» **Work instruction**: Retype every entry word for word. Omit the pictures.

======== Material provided

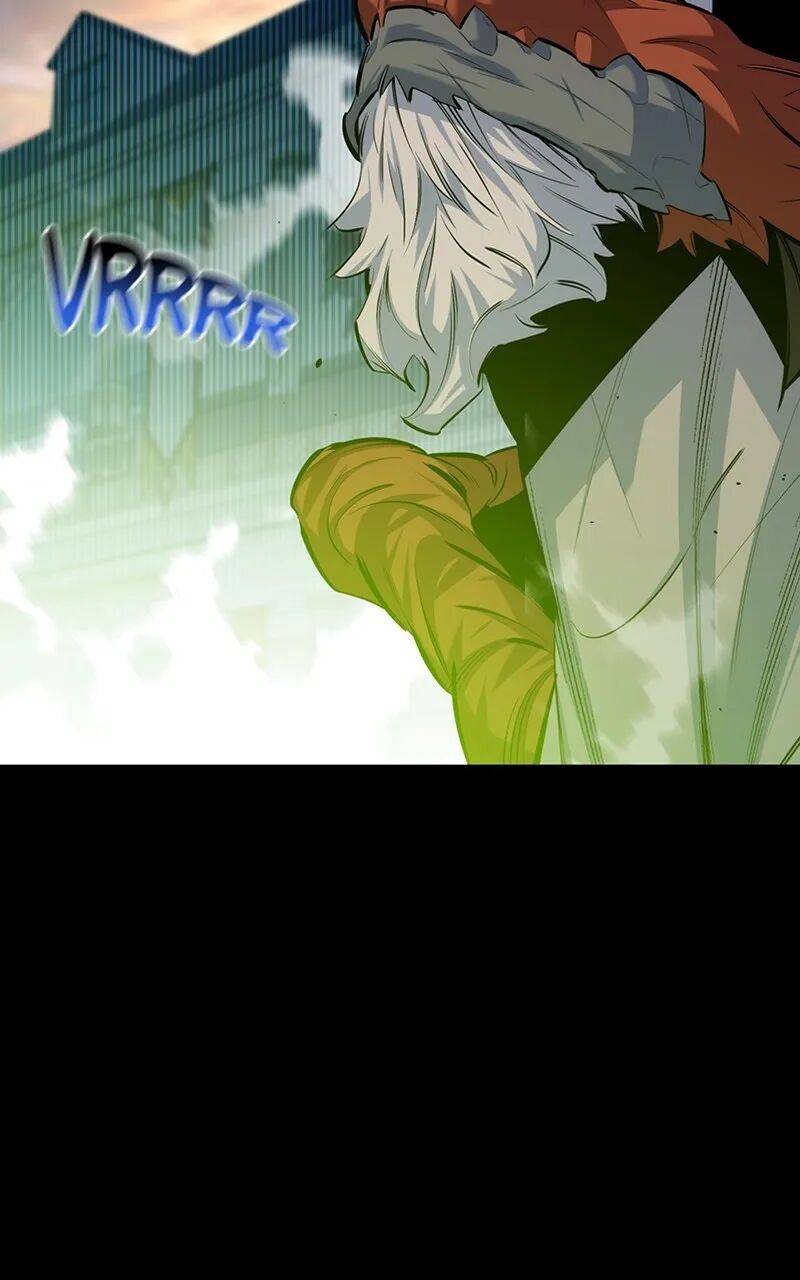 Auto Hunting With My Clones Chapter 119 Page 82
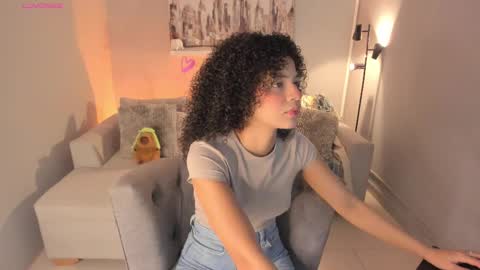 Avalon online show from February 22, 3:47 pm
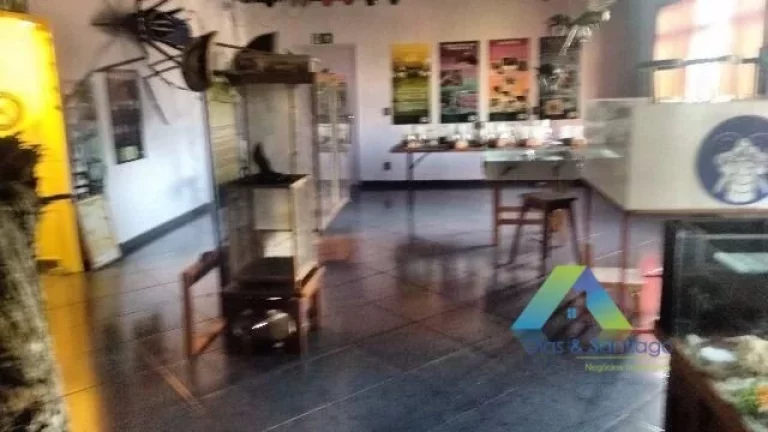Imagem Prédio comercial, com excelente localização e Valor !!!
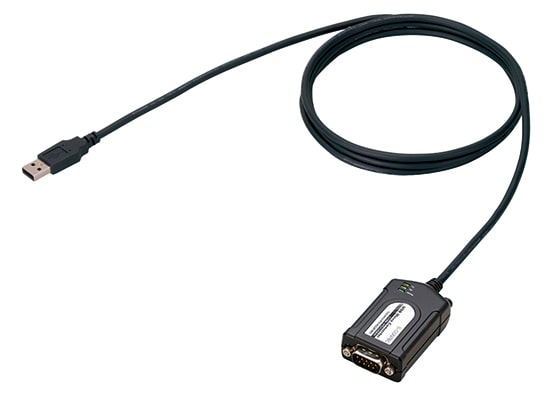 COM-1PD2-USB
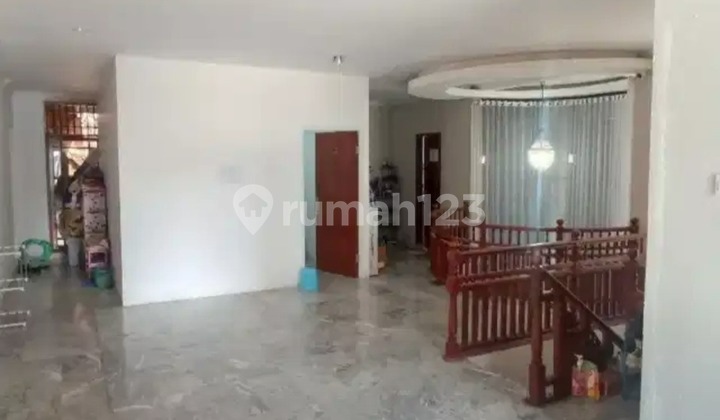 1467 Rumah Duri Kepa 2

================

» **Completed exercise**:
 Auto Hunting With My Clones Chapter 119 Page 82
 Avalon online show from February 22, 3:47 pm
Imagem Prédio comercial, com excelente localização e Valor !!!
 COM-1PD2-USB
 1467 Rumah Duri Kepa 2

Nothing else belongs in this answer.